Daar eerst maar eens ingedoken en dat is heel plezierig om te doen zo bleek. Ik pak er twee, voor mij in het oog springende, albums uit. In 2015 neemt John Craigie “Working On My Farewell” op. Ik heb daar, auditief, heerlijk op mee gevaren. Een, in muzikaal opzicht, open album. Klein georkestreerd, klankvol en ruimtelijk en bij tijden spannend. Folk in een laidback jasje. In 2018 ziet “Scaregrow” het licht. Geschrokken ben ik er niet van want wat een prachtig klein akoestisch album. Alleen de stem van Craigie, zijn gitaar en een enkele keer de mondharmonica. Menigeen zal het te uitgekleed vinden maar persoonlijk vind ik dit album ‘niet aangekleed’. Het toont de ware aard van de songwriter John Craigie. Andere albums vind ik, de één meer dan de ander, een stuk minder interessant. Omgeven door nogal wat “bluegrass achtige” deuntjes zitten er prachtige liedjes tussen maar de mix van stijlen stoort en lijkt afbreuk te doen aan het geheel van de albums. Niets ten nadele van bluegrass overigens. Bluegrass ben je, dat speel je niet. (sorry voor deze gemankeerde oneliner)
John Craigie heeft een iets nasale warme beetje slepende stem met een charmant klein bereik. Zacht zingen is een kunst die hij verstaat. “Asterisk The Universe” is het zevende studioalbum. Halverwege passeert, fraai uitgevoerd, J.J. Cale’s “Crazy Mama”. Ik ben geneigd om te zeggen dat de andere songs op het album zich daar omheen hebben gegroepeerd. John Craigie wil duidelijk laten horen waar een deel zijn muzikale hart ligt en dat is in de jaren 70. Bleus, soul, folk, beetje jazz en Californië als habitat. Relaxed en (hoe tegenstrijdig) eigentijds uit voorbije jaren.
Piano begint, bas sluit aan, het orgeltje zet de algehele sfeer kracht bij, dan breekt de zang door en maakt de gitaar het geheel compleet. “Don’t Deny” klinkt als iets heel bekends.” The Rainbow Girls” versterken, als backing vocals, op “Used It All Up” de sfeer van nog langer geleden. Op “Son Of A Man” klinkt John Craigie als de zanger die op heel rustige wijze zichzelf overweegt. “Part Wolf” is eveneens een zich afvragende song naar wie of wat je bent en waardoor dat komt. ”Vallecito”. Staande op een kruispunt met maar één weg terug? Naar mijn smaak de mooiste song van het album. Ik heb mijn voorkeur, wat de muziek van John Craigie betreft, gevonden. Klein, ruimtelijk en vol vertellingen met een vaak behoorlijk persoonlijke overweging. “Nomads” is een ware afsluiter. We zwerven wat af door ons leven, verliezen en worden niet verstaan. Het leven van een muzikant verwoord in een soort gebed aan Saint Christopher, de patroon heilige van de reiziger. Een bijna “Dylaneske” song.

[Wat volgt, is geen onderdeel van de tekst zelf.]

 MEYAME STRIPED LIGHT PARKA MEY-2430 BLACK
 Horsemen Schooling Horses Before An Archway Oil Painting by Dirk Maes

Een beetje in de war ben ik wel. John Craigie treedt veel op, vaak in de kleinere gelegenheden voor een trouwe schare liefhebbers. Zijn voorstellingen zitten vol verhalen en anekdotes waarin hij zijn publiek betrekt. In zo’n setting kan ik zijn muziek zeker plaatsen. “Asterisk The Universe” lijkt iets te veel een project maar of dat erg is, is de vraag. Fantastische band, teksten met zeggingskracht maar samen met de perfect gespeelde arrangementen niet altijd pakkend. Ondanks dat, lekker naar geluisterd en tot slot zijn eerder genoemde, minder gepolijste, albums nog een keer afgespeeld.